Después, algo parecido a la indignación. El convencimiento de que no bastó 1989, como no bastó 2012 ni bastará 2016: seguirá habiendo deficiencias que nos vendan a precio de saldo cuando de llover bien fuerte se trate. La alternativa a la sequía es esta especie de ruleta rusa en la que cunde la impresión de que la ciudad sigue en pie por muy poco. El Guadalmedina continúa esperando su solución como a Godot, pero ayer lanzó una advertencia: existe el riesgo de que los daños sean mucho mayores. Sólo con que lloviese algunas horas más con la misma intensidad el desbordamiento sería real, no el chapoteo en los puentes que los mismos turistas evitaban ayer, sino una catástrofe de dimensiones descomunales. En cuanto a la provincia, queda la certeza de que Estepona y Mijas volverán a saltar por los aires en la próxima tempestad que nos pille con el pie cambiado, mientras en la barriada de Doña Ana en Cártama habrá que cruzar los dedos y rezar lo que se sepa porque no parece que queden muchas más alternativas. La presidenta de la Junta de Andalucía, Susana Díaz, y el ministro del Interior, Juan Ignacio Zoido, alababan junto al desbordado Guadalhorce la coordinación de las fuerzas de seguridad, pero harían bien en tomarse en serio de una vez la puesta a punto de las infraestructuras necesarias para que algo así no vuelva a suceder. Sin embargo, no hubo compromisos en este sentido, más allá de la solidaridad de costumbre y las actuaciones para que todo vuelva a la normalidad cuanto antes. Así es: cuando haya transcurrido otro lustro, volveremos a estar en las mismas. Con otros presidentes y otros ministros. Pero con el mismo miedo a la orilla de los ríos y en las aceras de las calles que empiecen a anegarse cuando las cloacas no den más de sí.

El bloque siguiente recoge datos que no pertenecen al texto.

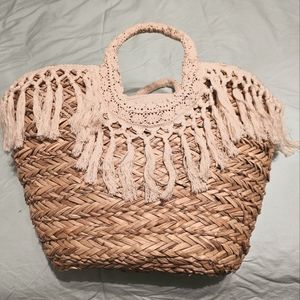 Straw Tote with Macrame Fringe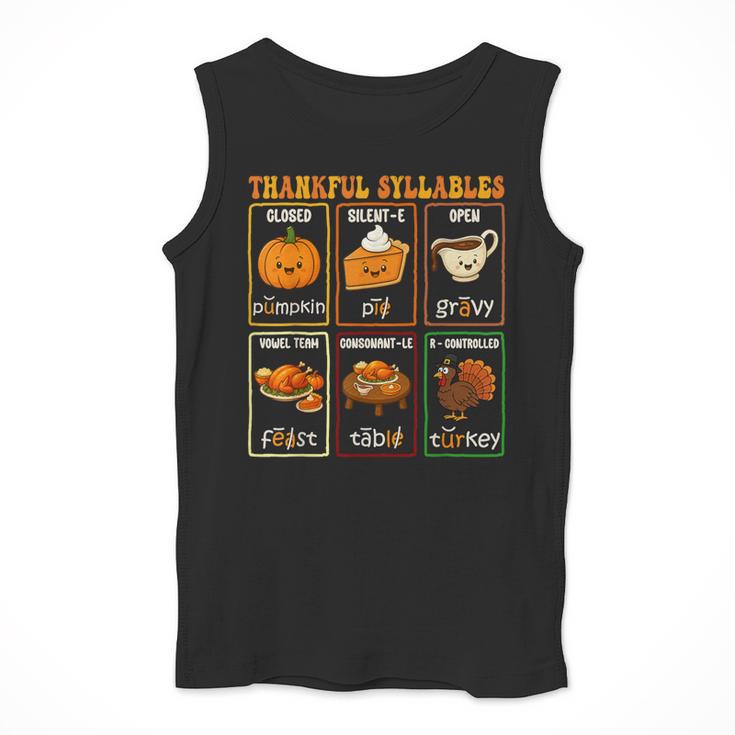 Thankful Syllables Thanksgiving Phonics Reading Teacher Fall Men Tank Top, funny design Thankful Syllables Thanksgiving Phonics Reading Teacher Fall Men Tank Top, funny design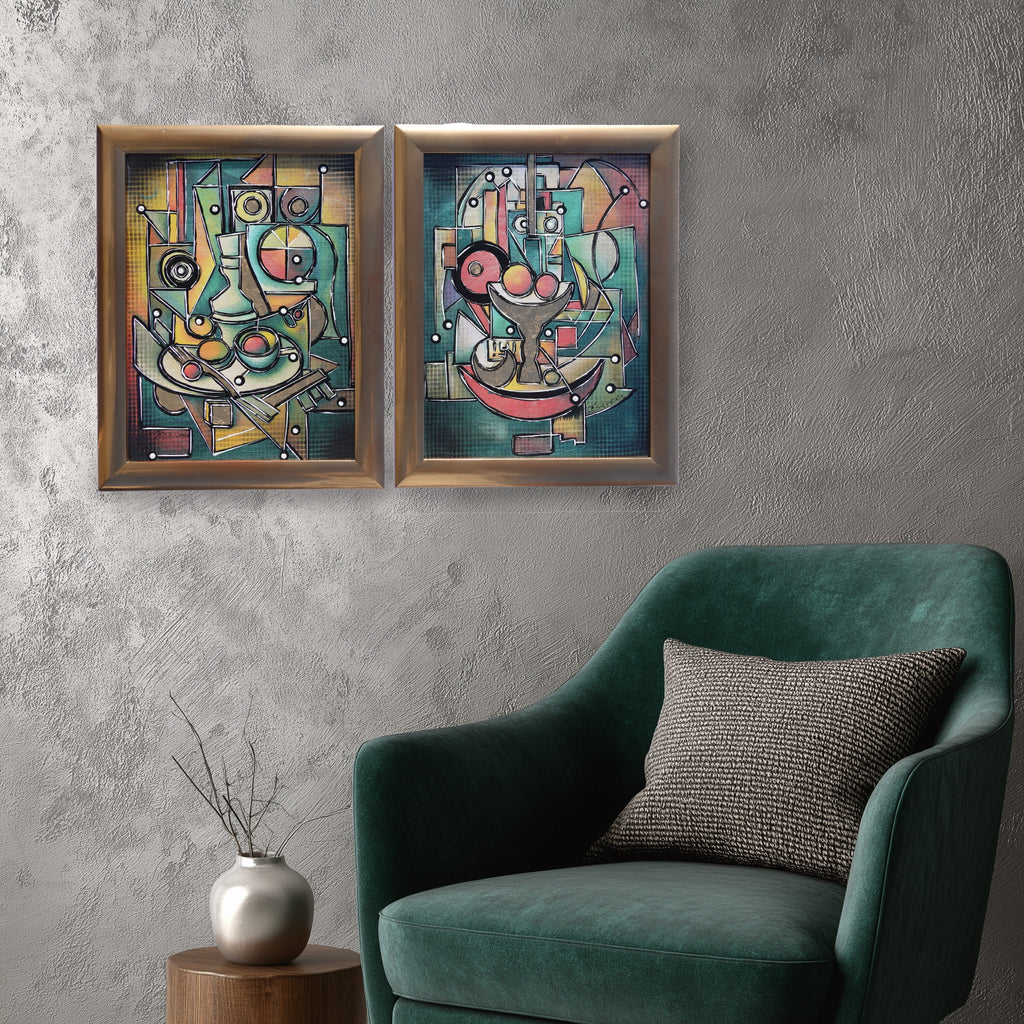 Cubism A1439 - Framed Abstract paintings - Diptych by Artist Ksavera
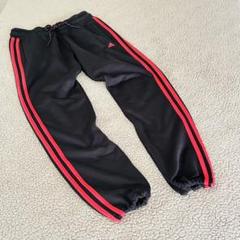 運動着♥︎adidas♥︎レディースジャージパンツ【M】紐調整　黒赤ライン　スッキリ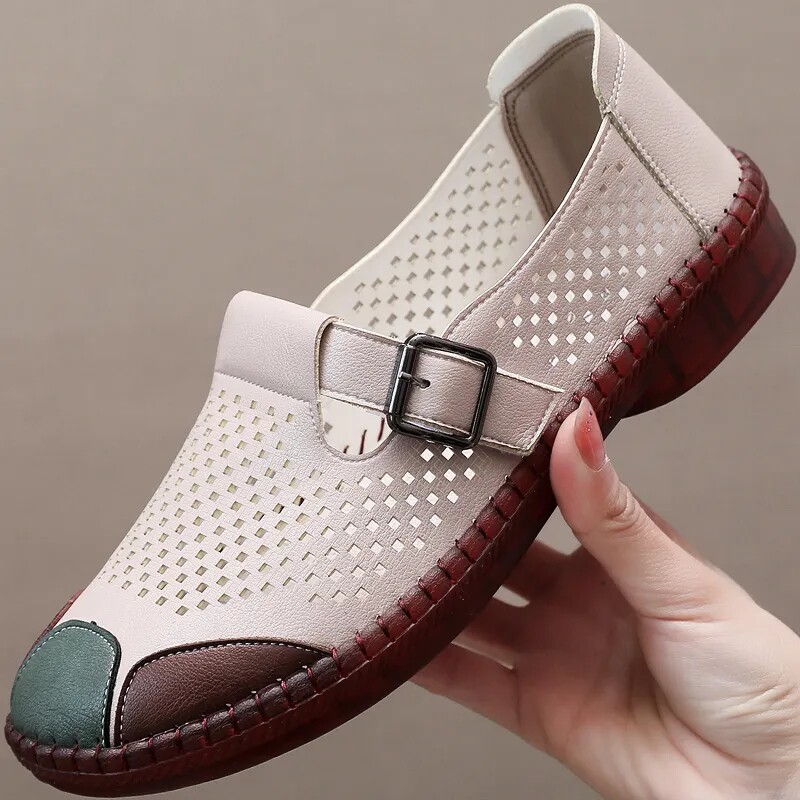 夏季老北京布鞋女网鞋透气妈妈镂空凉鞋牛筋底中老年人防滑洞洞鞋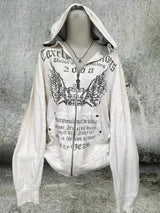 Y2K Harajuku Joker Graphic Zip-Up Hoodie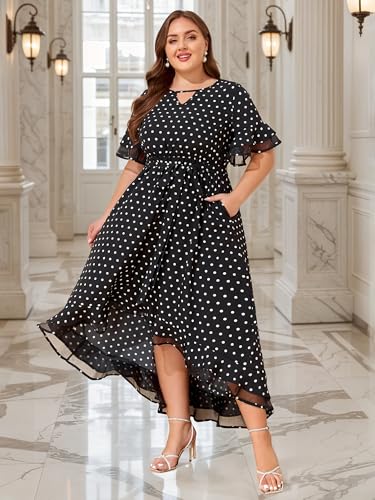 ZNU Womens Plus Size Evening Party Dresses Elegant Retro Cocktail Dress 2025 Summer Mesh Ruffle Sleeves Flowy Maxi Dress2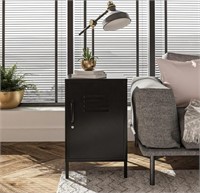 Metal Locker End Table with 2 Shelves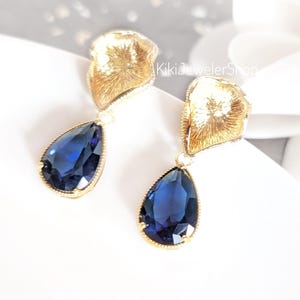 Blue Sapphire Statement Drop Earrings Gold, Vintage Inspired Lotus Stud , September Birthstone Jewelry Gift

Por la tarde las nubes dieron su tregua y en la capital malagueña nadie habría dicho que asomaba la tragedia. A las 18:30, puntualmente, el show de las luces navideñas de la calle Larios despuntaba con el Carmina Burana y los entusiastas de turno aplaudían encantados. Ya se sabe que siempre llega la calma. Hasta el año 2021.